What is required
Starting with the line below that holds "Multi-generation family walking on the beach" and stopping after the line that holds "Красотка vikanus в", transcribe the lines exactly, leaving out all pictures.
··· Data section ···
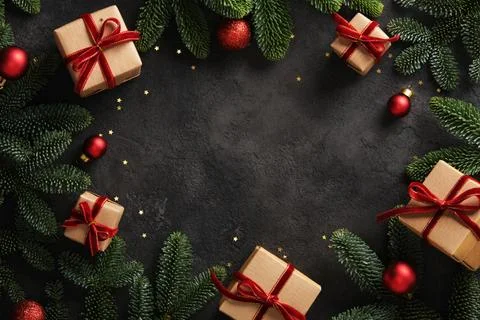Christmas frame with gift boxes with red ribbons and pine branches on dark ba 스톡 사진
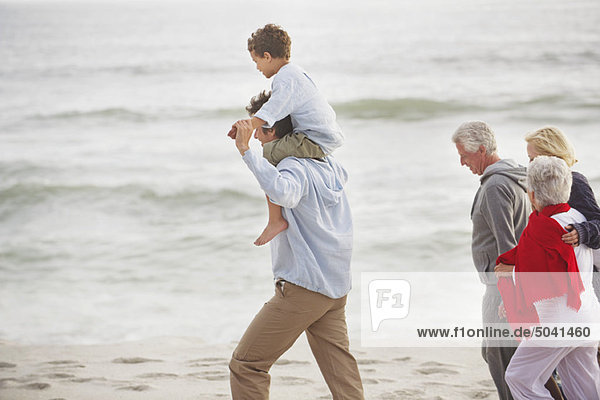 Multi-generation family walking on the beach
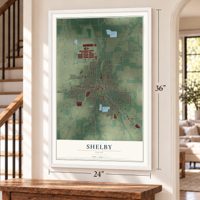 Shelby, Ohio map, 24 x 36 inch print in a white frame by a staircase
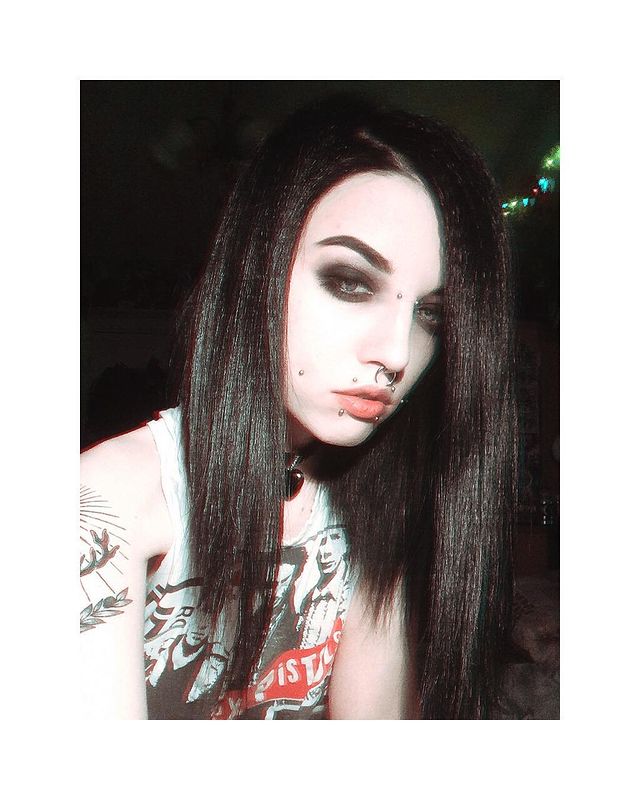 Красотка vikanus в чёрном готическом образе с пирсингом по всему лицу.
···
··· Data section ···
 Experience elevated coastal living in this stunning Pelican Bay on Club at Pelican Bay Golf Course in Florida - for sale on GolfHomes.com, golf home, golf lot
···
Response for this exercise
 Multi-generation family walking on the beach
 Shelby, Ohio map, 24 x 36 inch print in a white frame by a staircase
 Красотка vikanus в чёрном готическом образе с пирсингом по всему лицу.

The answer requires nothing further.